Source material START
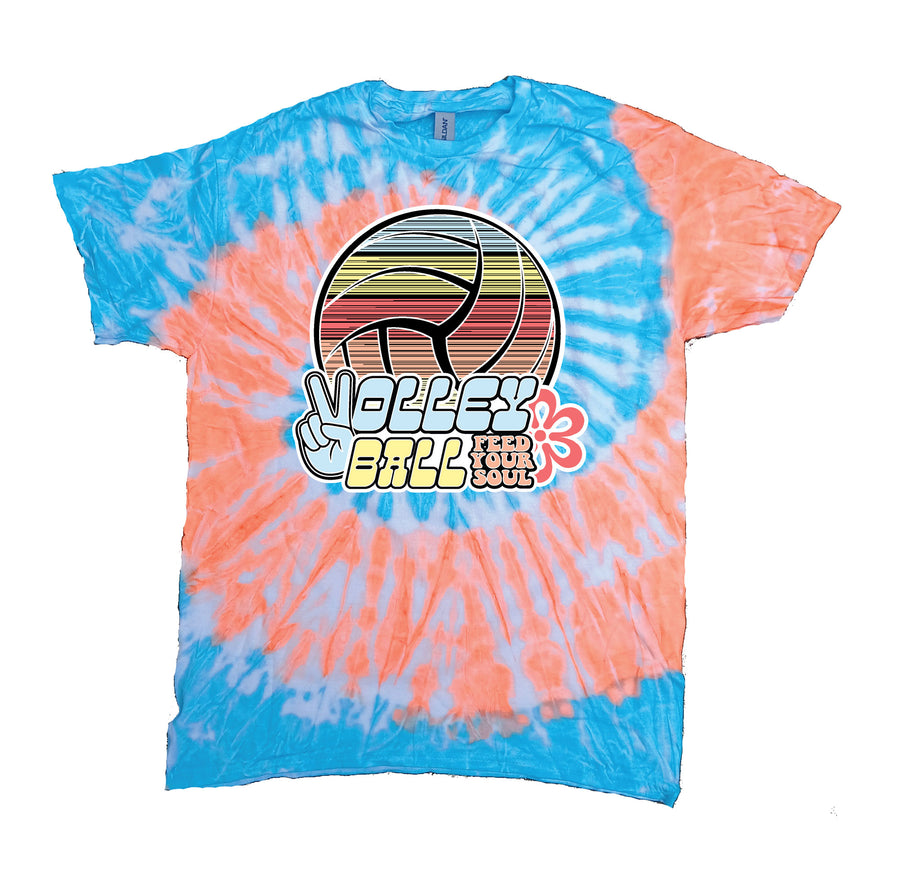 FEED YOUR SOUL Tie-Dye Volleyball T-shirt
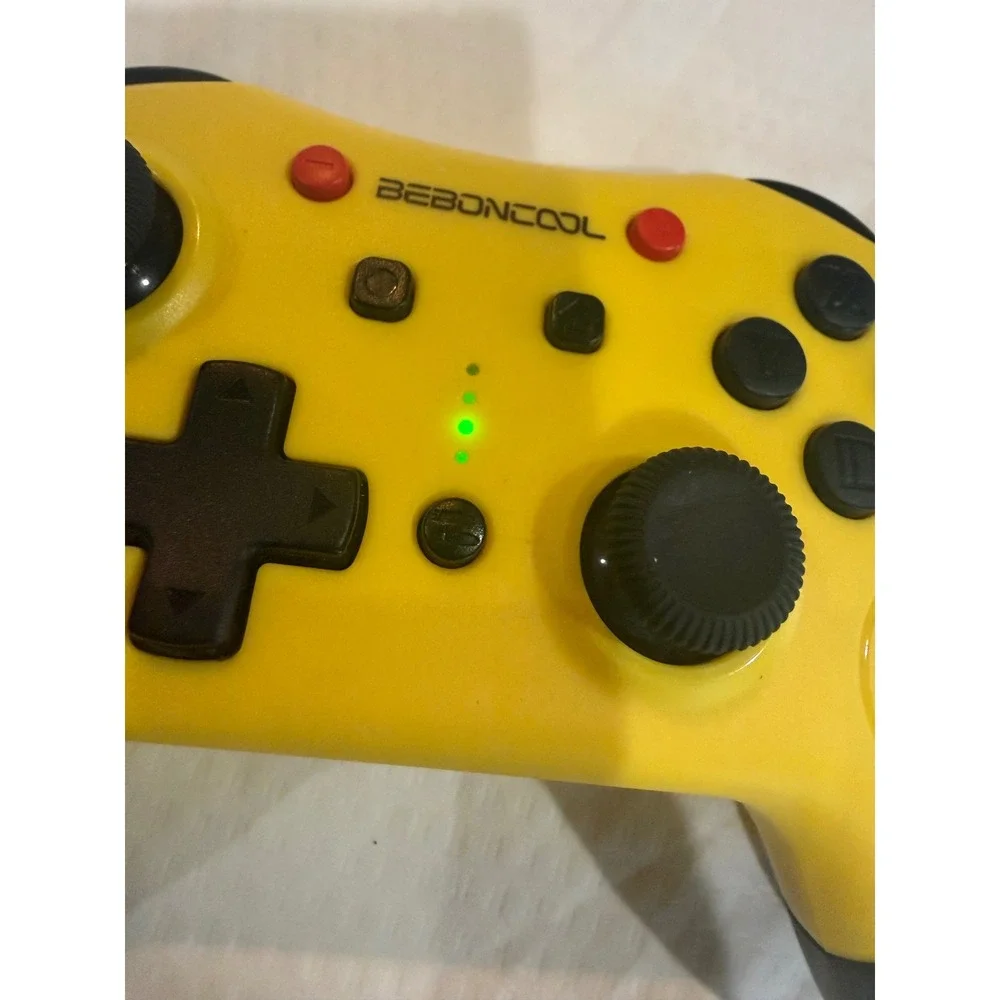 Beboncool Q42 Wireless Controller for Nintendo Switch PC Yellow‎ Black Bluetooth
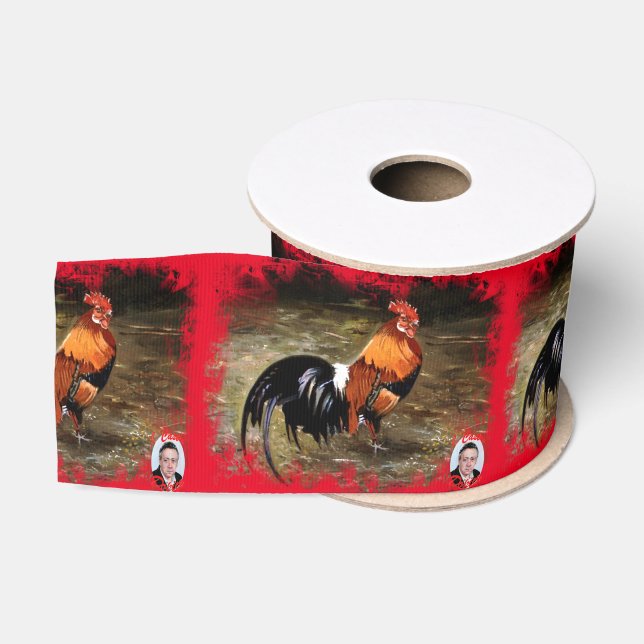 Gallo/Galo/Rooster Grosgrain Ribbon (Spool)
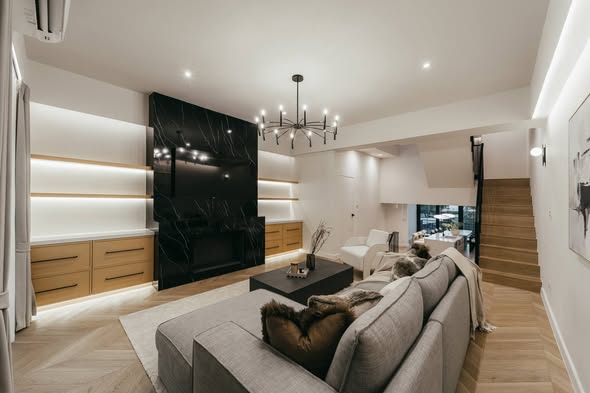 living room of The Eight Chatuchak Ratchada Private Luxury Home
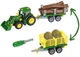 Трактор для складання Klein John Deere з двома причепами 3906 (4009847039163) - зображення 3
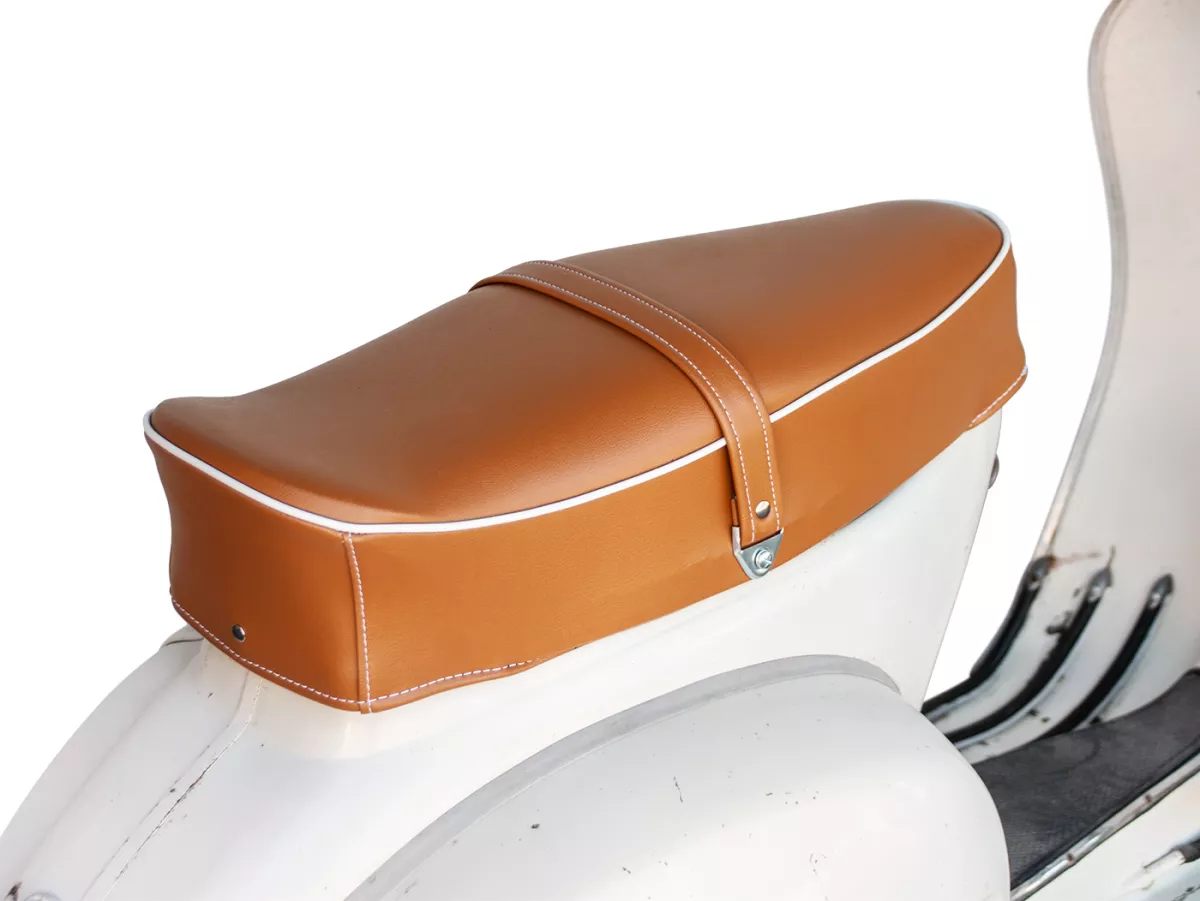 Seat -VESPA- Sprint150 (VLB1T), GL150 (VLA1T), GT125 (VNL2T), GTR125 (VNL2T) - brown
Source material END
Task requirements:
Only the lines from the one containing "Beboncool Q42 Wireless" through the end of the data above are to be output, exactly and without pictures.

Result of the exercise:
 Beboncool Q42 Wireless Controller for Nintendo Switch PC Yellow‎ Black Bluetooth
 Gallo/Galo/Rooster Grosgrain Ribbon (Spool)
 living room of The Eight Chatuchak Ratchada Private Luxury Home
 Трактор для складання Klein John Deere з двома причепами 3906 (4009847039163) - зображення 3
 Seat -VESPA- Sprint150 (VLB1T), GL150 (VLA1T), GT125 (VNL2T), GTR125 (VNL2T) - brown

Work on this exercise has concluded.